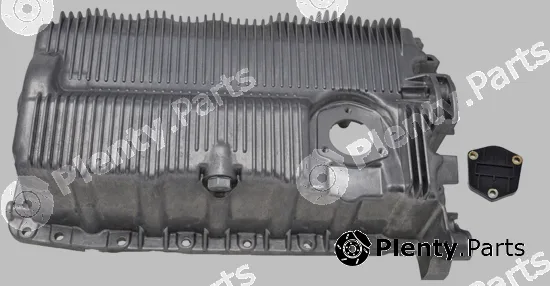 Vema 110027 — Oil Sump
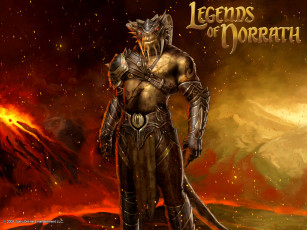 Картинка legends of norrath against the void видео игры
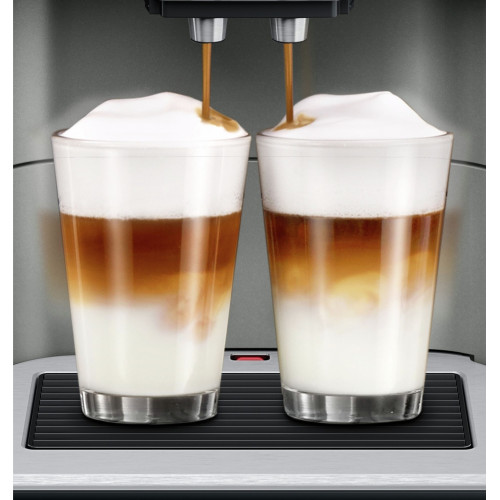 Siemens TE655203RW: Насолоджуйтесь кавою вдома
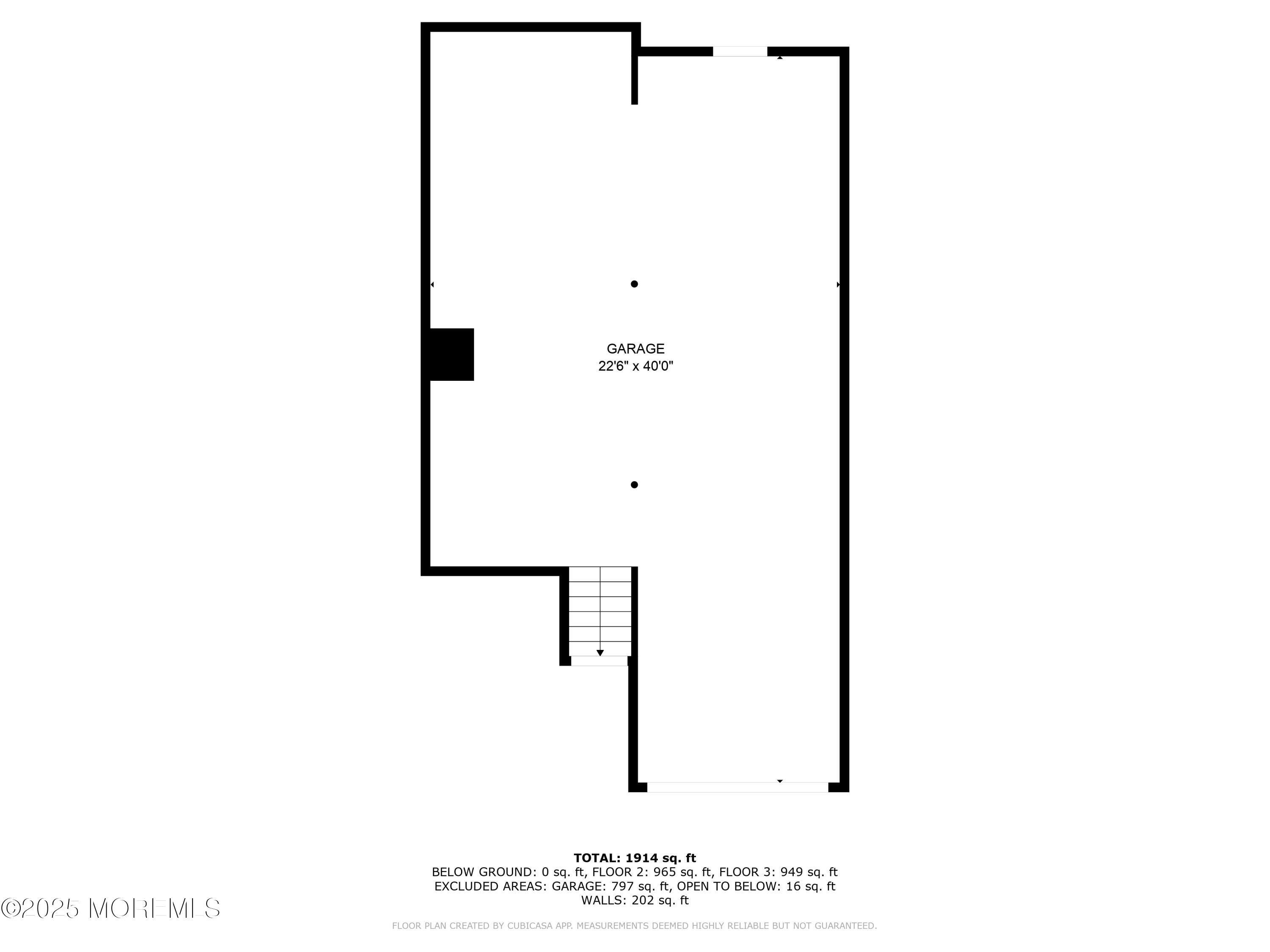 Long Branch, New Jersey, 07740, United States, 4 Bedrooms Bedrooms, ,3 BathroomsBathrooms,Residential,For Sale,1882220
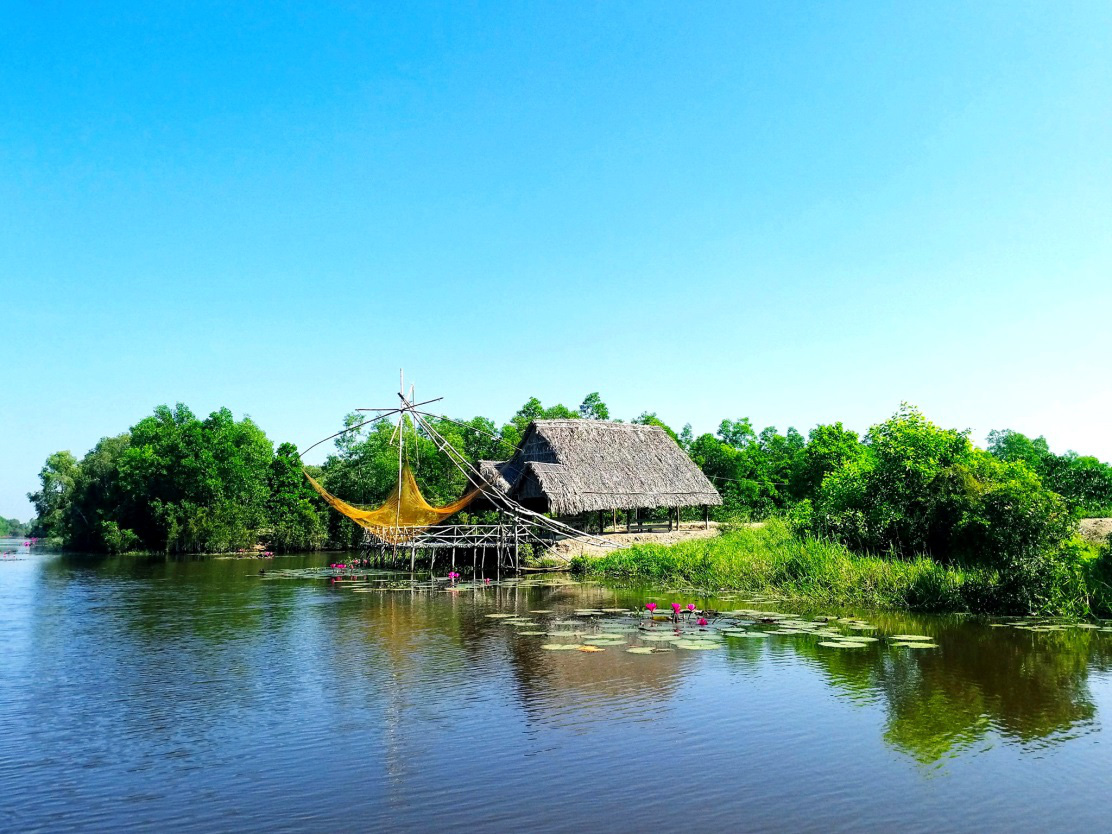 4 đường tour kích cầu đầy chất trải nghiệm tại TST tourist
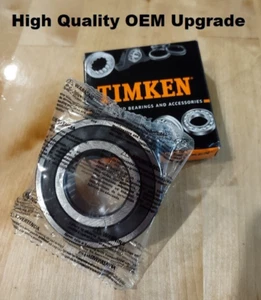 Bearing For Ridgid 65677 K-60SP Drain Cleaning Machine UPGRADE - *Priority Mail* - Picture 1 of 5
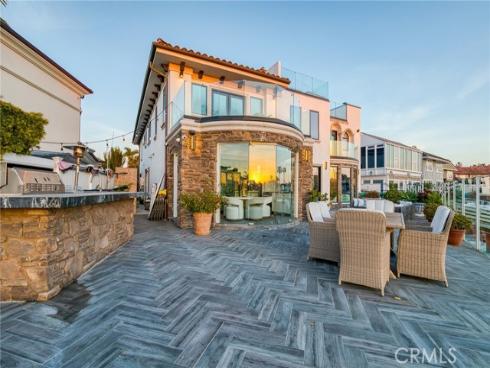 16861  Marina   Drive, Huntington Beach, CA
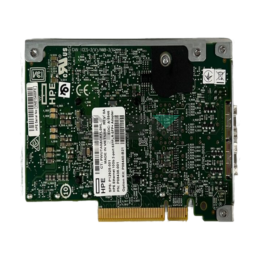 P12925-001 Адаптер HP Ethernet 10Gb DP 537FLR+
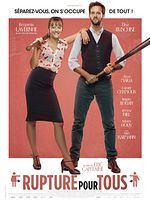 Poster der Rupture pour tous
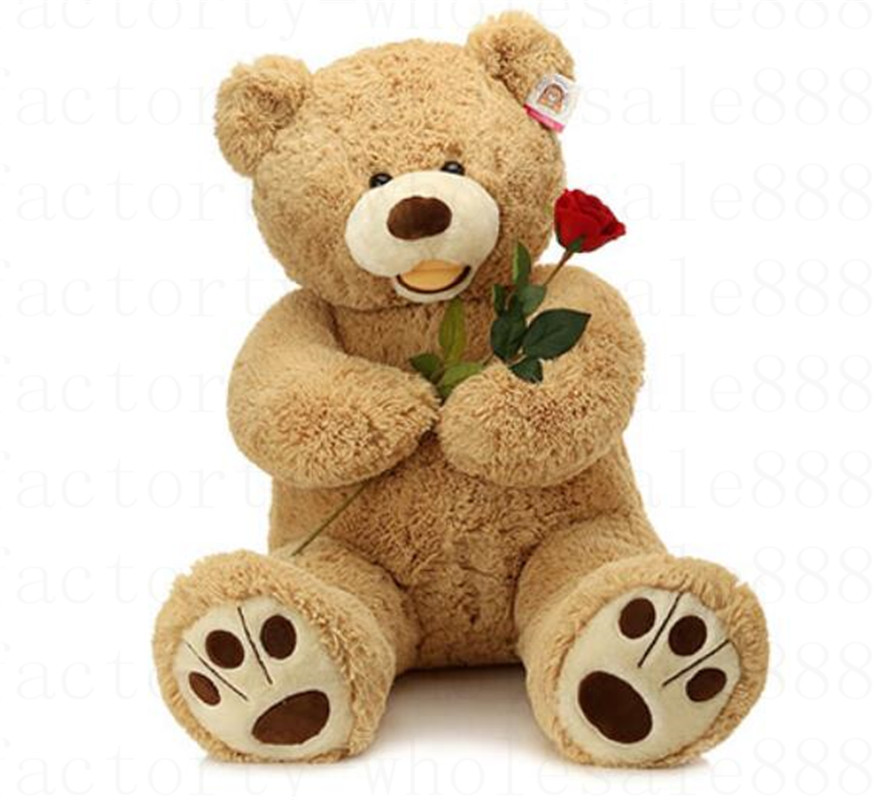 osito de peluche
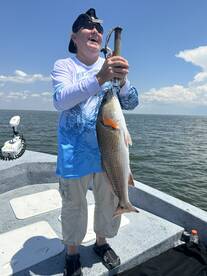 Crystal River Report Photo 1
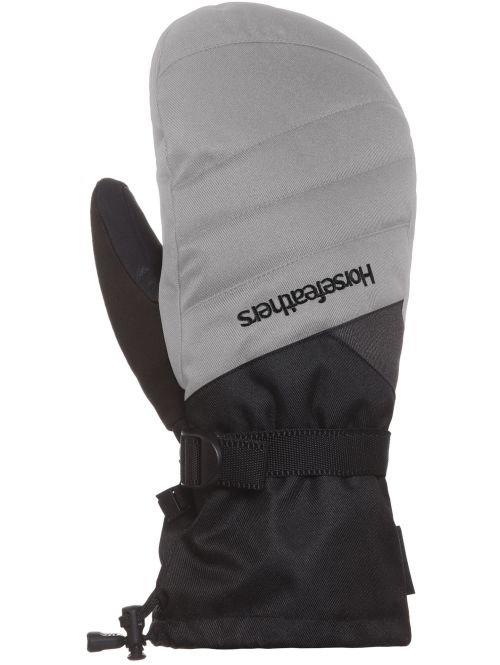 Rukavice Horsefeathers Outcast mirage gray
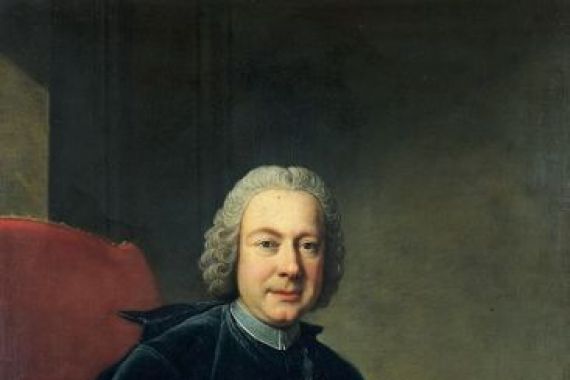 Martin van II Mytens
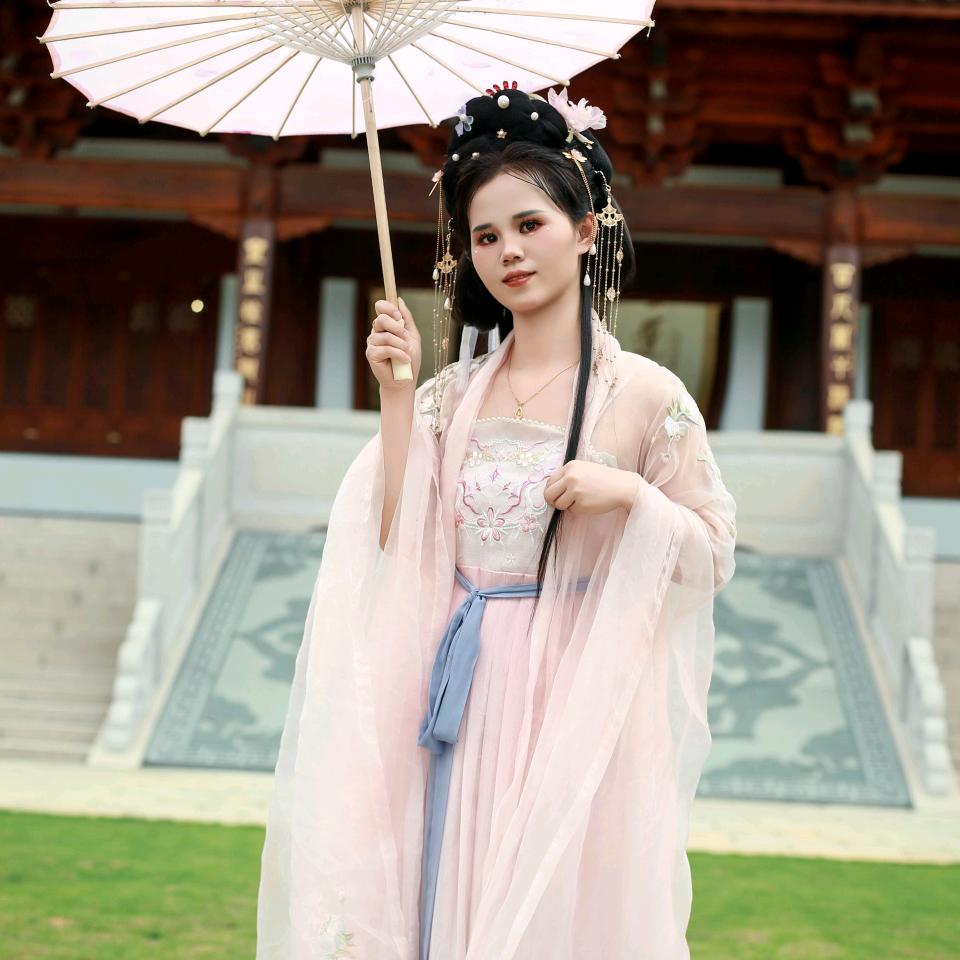 浙江王妹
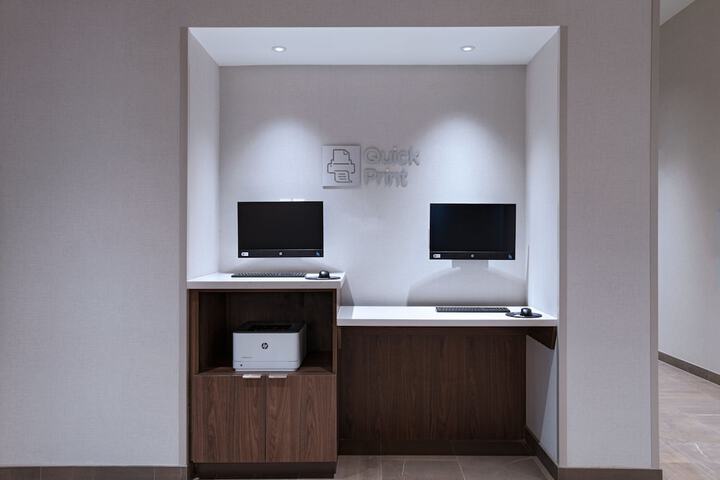 Amenity Photo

★ ★ ★ ★

_To do_: Copy out all the data exactly, skipping the pictures.

_Exercise answer_:
 Vema 110027 — Oil Sump
 Картинка legends of norrath against the void видео игры
 Siemens TE655203RW: Насолоджуйтесь кавою вдома
 Long Branch, New Jersey, 07740, United States, 4 Bedrooms Bedrooms, ,3 BathroomsBathrooms,Residential,For Sale,1882220
 4 đường tour kích cầu đầy chất trải nghiệm tại TST tourist
 Bearing For Ridgid 65677 K-60SP Drain Cleaning Machine UPGRADE - *Priority Mail* - Picture 1 of 5
 16861  Marina   Drive, Huntington Beach, CA
 P12925-001 Адаптер HP Ethernet 10Gb DP 537FLR+
 Poster der Rupture pour tous
 osito de peluche
 Crystal River Report Photo 1
 Rukavice Horsefeathers Outcast mirage gray
 Martin van II Mytens
 浙江王妹
 Amenity Photo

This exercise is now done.